His track record is as good as hers, so she paints him stories of afternoons in the backyard with Laurel, tales of rituals within the League of Assassins, tells him how it felt when she first woke up after her death and wasn’t completely there.
She’s just put down three nines and a climbing row of diamonds when he realises he’s running out of things to tell her. When she looks at him expectantly, he puts down his own cards (he needed one seven and he would have won) and gives her a look that she would almost call nervous.
“Let’s not talk about the past. I’ve been thinking about the future.”
-
Their romantic relationship comes back to solitaire.
They no longer need cards games to have an excuse to spend time with each other. Fingers brushing as they exchange a card isn’t the only way they can get physical contact anymore. Conversations begin without the banter of the game coming first.

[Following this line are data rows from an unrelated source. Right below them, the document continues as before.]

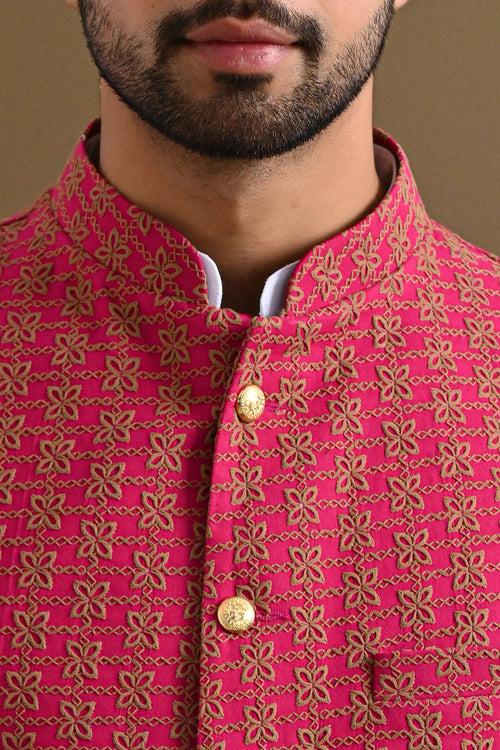 Rani Pink Pure Cotton Embroidery Nehru Jacket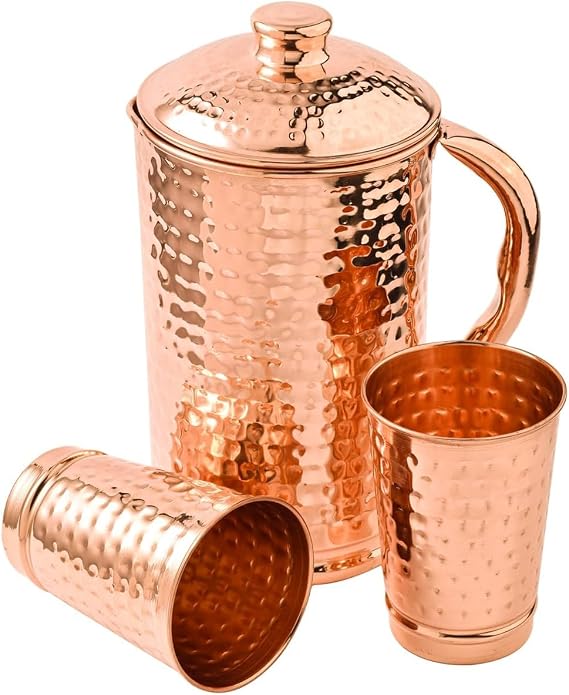 Copper Water Pitcher with 2 Copper Cups | 50.7 Fl Oz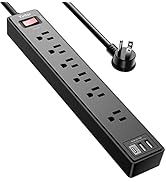 6Ft Power Strip Surge Protector - Yintar Extension Cord with 6 AC Outlets and 3 USB Ports for for...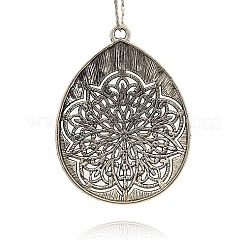Винтажные подвески из сплава в тибетском стиле с большими подвесками в виде цветка&nbsp;TIBEP-M001-35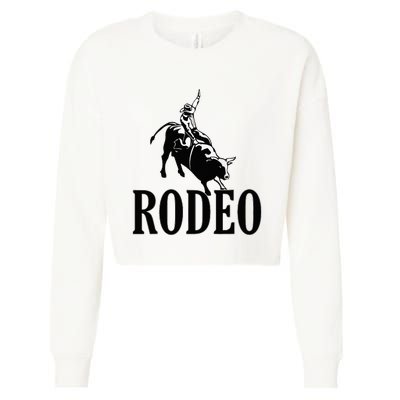 Rodeo Bull Rider Cowboy Riding A Bull At The Rodeo Cropped Pullover Crew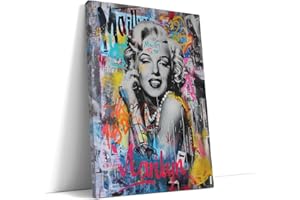 AKINDA Art Gallery - Quadro Moderno 30 x 40 cm - Marilyn Monroe Pop Art - Multicolore - Street Art - Arredo Casa - Stile Graffiti - Idea Regalo per Arredo Casa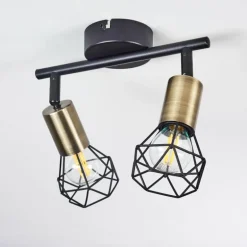 Plafonnier Baripada Laiton, Noir, 2 lumières
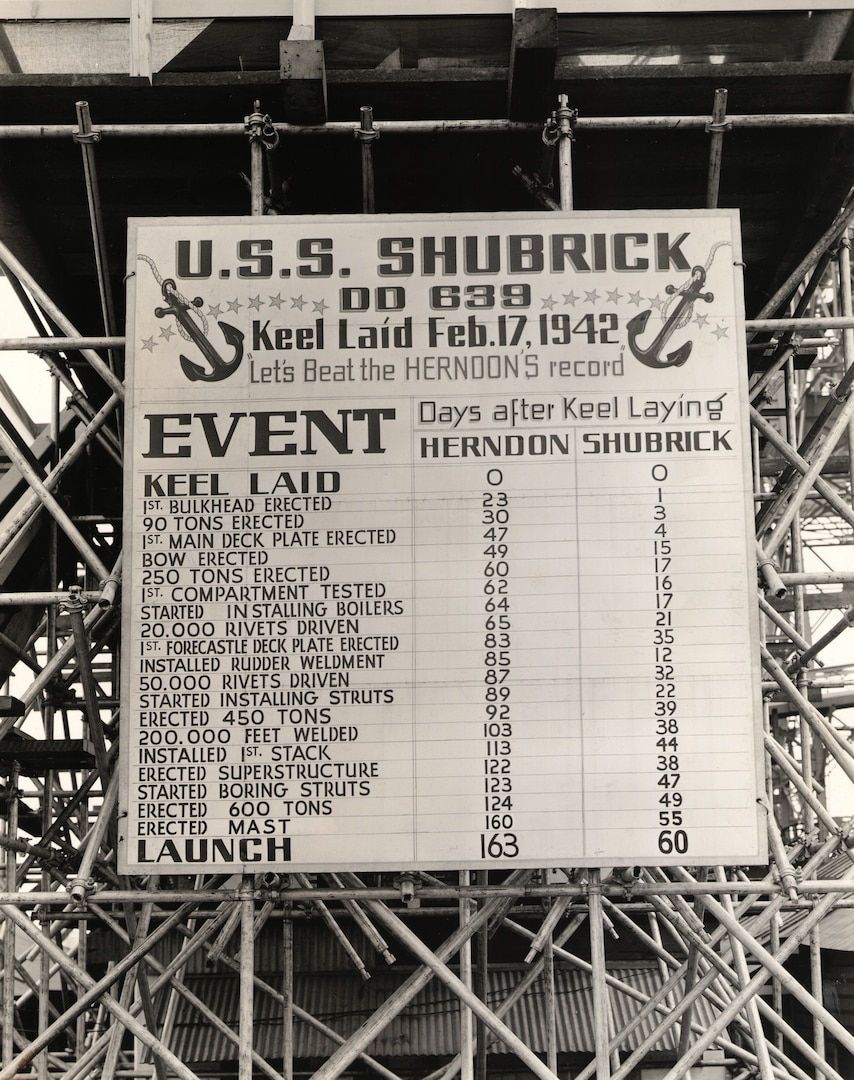 Among the five classes of ships NNSY built or modernized to support the invasion of Normandy on June 6, 1944, the shipyard constructed two destroyers.  The first was USS Herndon (DD-638), commissioned December 1942. On June 6, Herndon was ahead of the first wave of troops raining a volley of shells upon enemy targets on Omaha Beach. Despite drawing heavy fire, Herndon not only remained intact but stayed another two weeks shoring up the Allied grip on the region.   The 1,630-ton destroyer USS Shubrick (DD-639) was also constructed in 1942, in record time, at NNSY.  Shubrick supported Normandy clearing the beach at Belfast for Allied troops.   Shubrick stayed in the region well into July, serving as escort, providing fire support, and conducting anti-submarine patrols.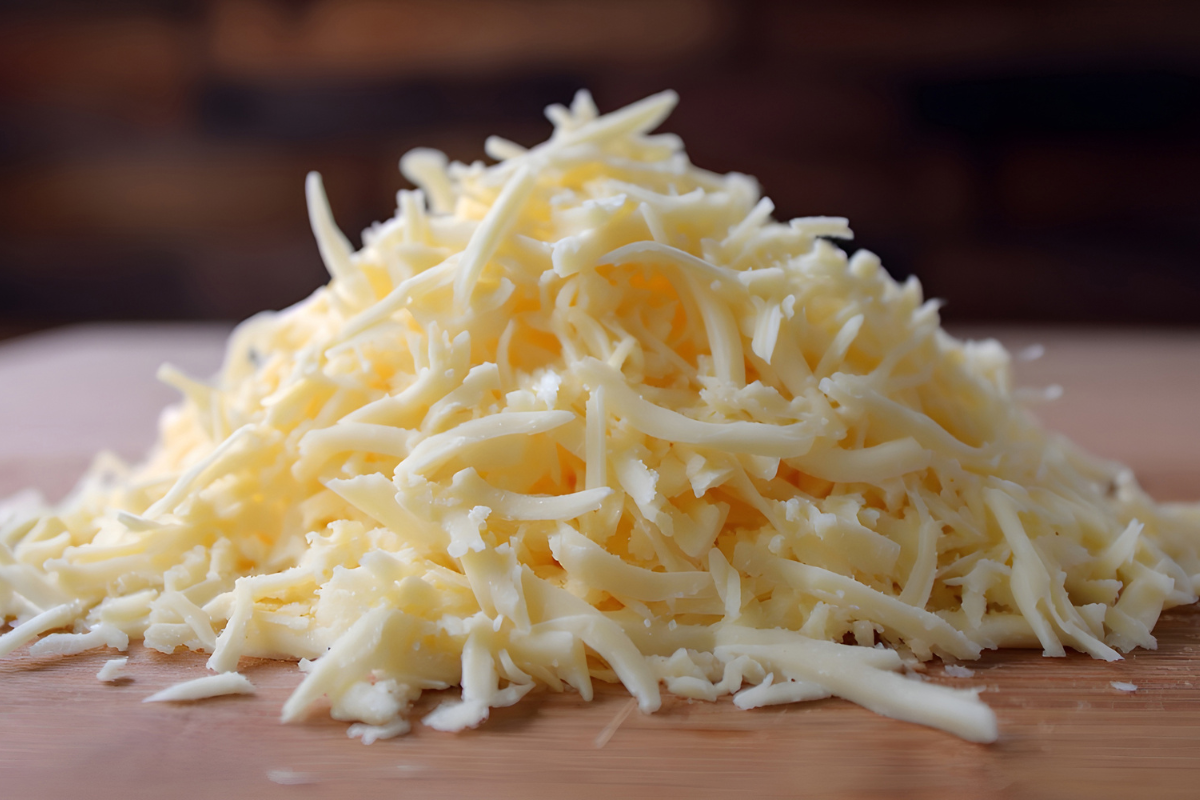 Pile of shredded cheddar cheese on a wooden board, shown close up with soft texture and pale orange color.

He no longer plays his solitaire out in the open either - now that he is no longer looking for an opponent, he does it in the privacy of his bedroom. He only needs to kill the time before she is awake for him to commit his attention to and be focused on in return; while he waits, he plays his cards over her bare back as she dozes in his bed.

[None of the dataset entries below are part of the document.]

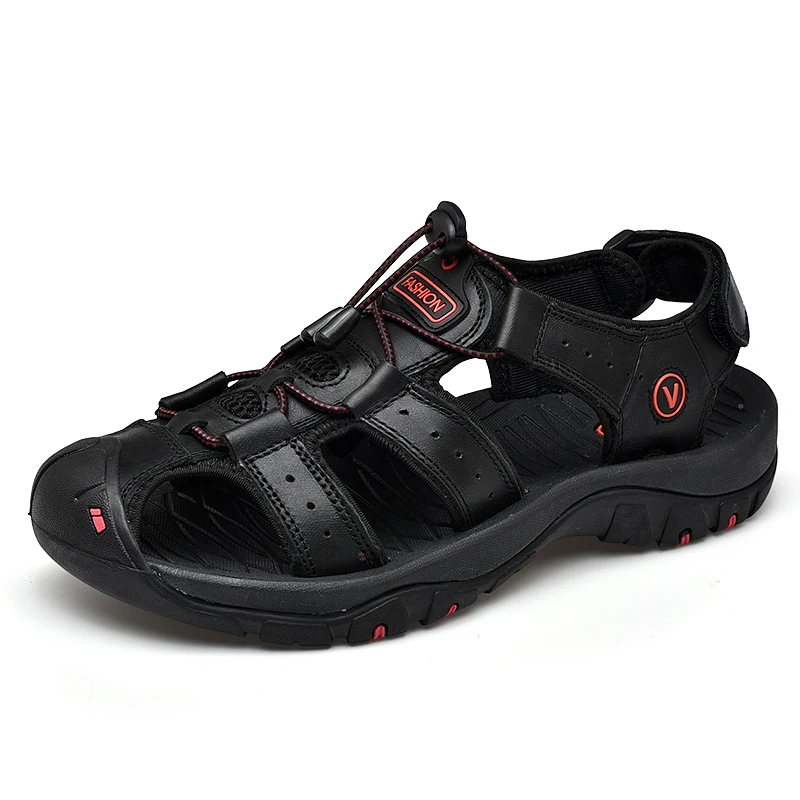 Classic Men Soft Sandals Comfortable Summer Shoes Leather Big Size Roman | Обувь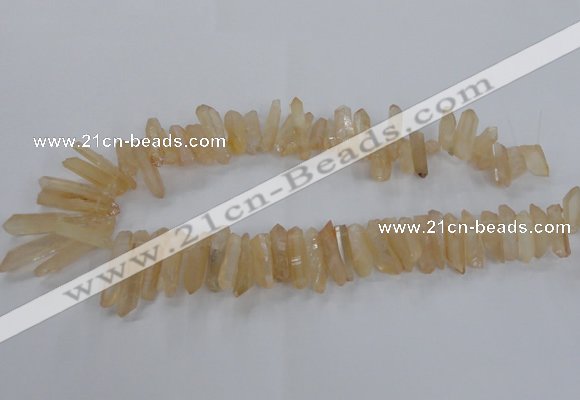 CTD1624 Top drilled 4*15mm - 6*35mm sticks plated quartz beads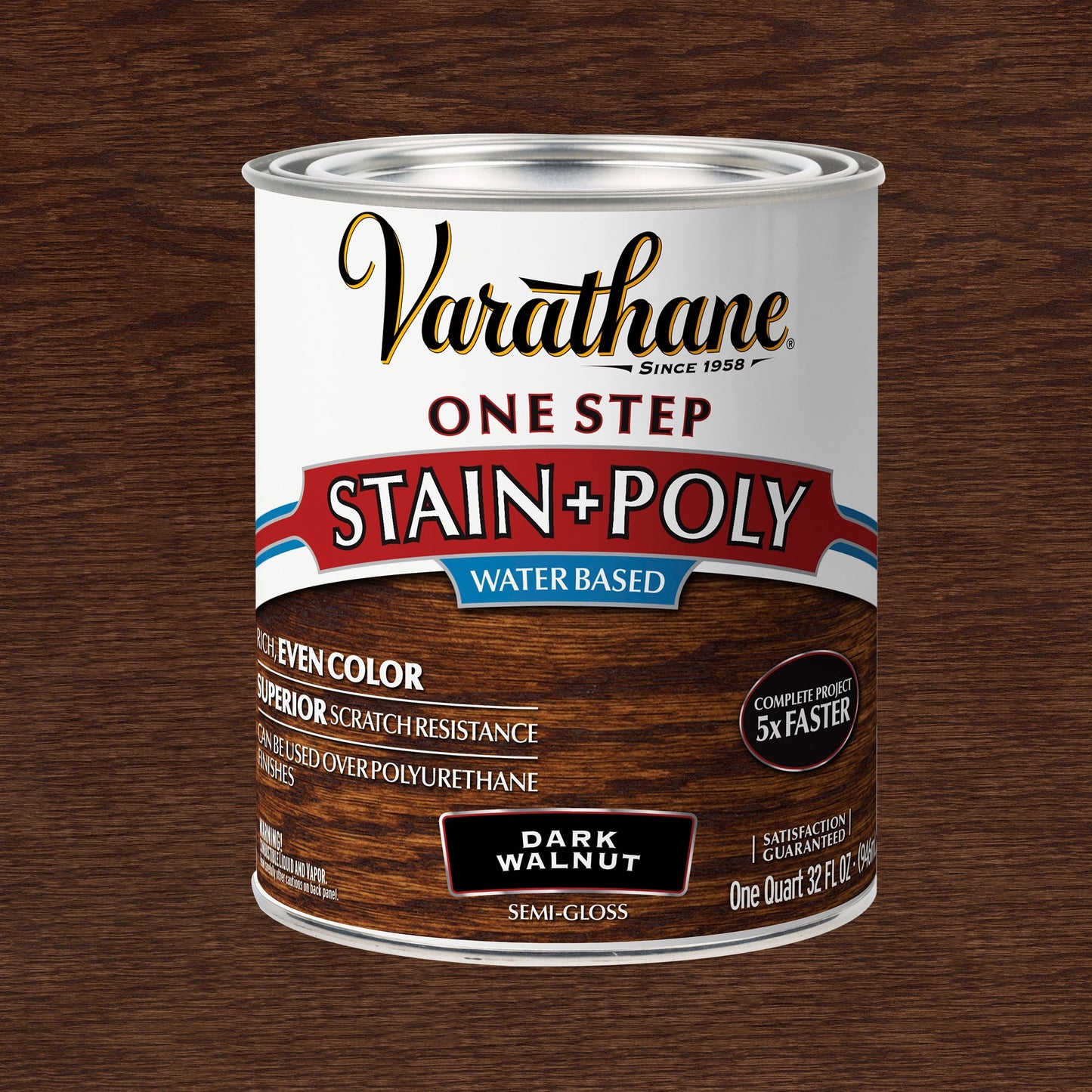 Dark Walnut, Varathane One Step Interior Wood Stain + Polyurethane, Semi-Gloss -337037, Quart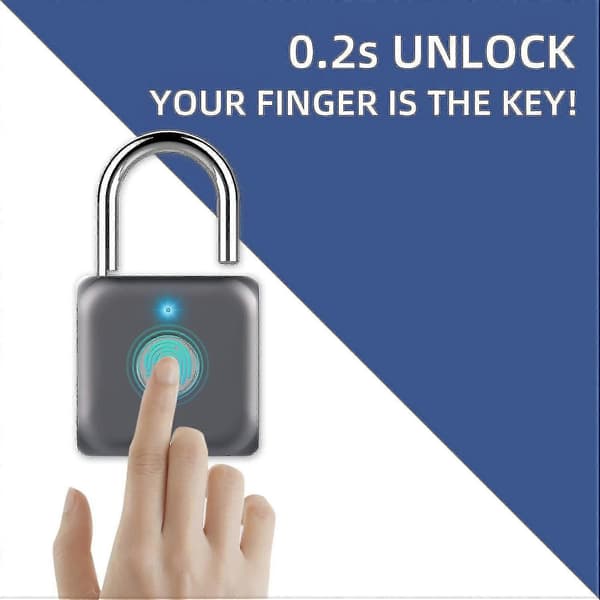 Fingeravtryckslås, Smart Lås, Vattentätt, USB Uppladdningsbart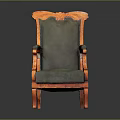 Vintage Wooden Chair with Orange Frame Green Upholstered Seat Backrest and Ornate Carved Armrests Legs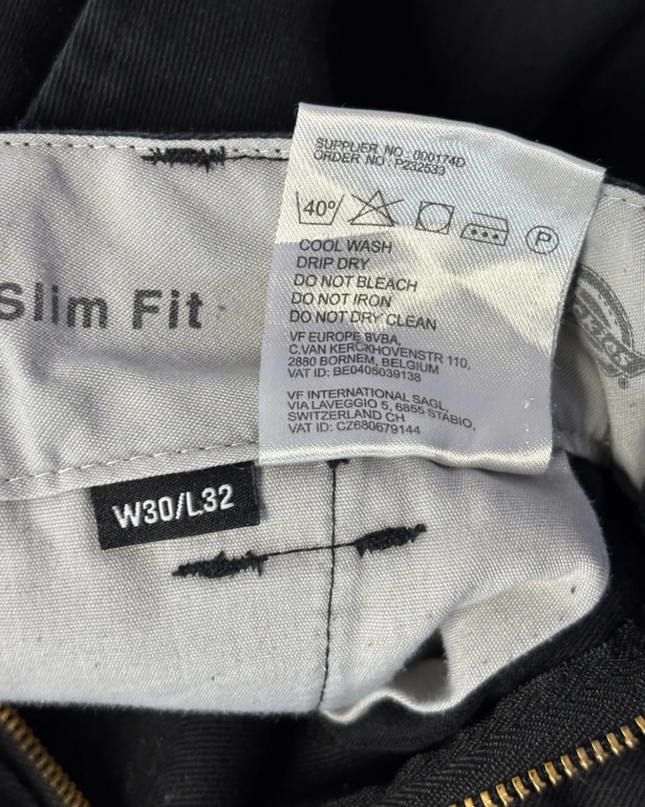 Dickies Slim Fit Black Work Pants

“That tickles.” Sara mumbles childishly as he deals across her skin.
He smirks and brushes her hair over her shoulder so it is out of his way.
Halfway through, she rolls over to face him, spilling his game across the sheets. He’d be more annoyed, but the fact she moved so she could sit up and kiss him dissipates it a little. She pulls him back down with her and all annoyance is forgotten.
Later she pulls a crumpled ace of hearts out of her hair and hands it to him triumphantly. He flicks it away and goes in for round two.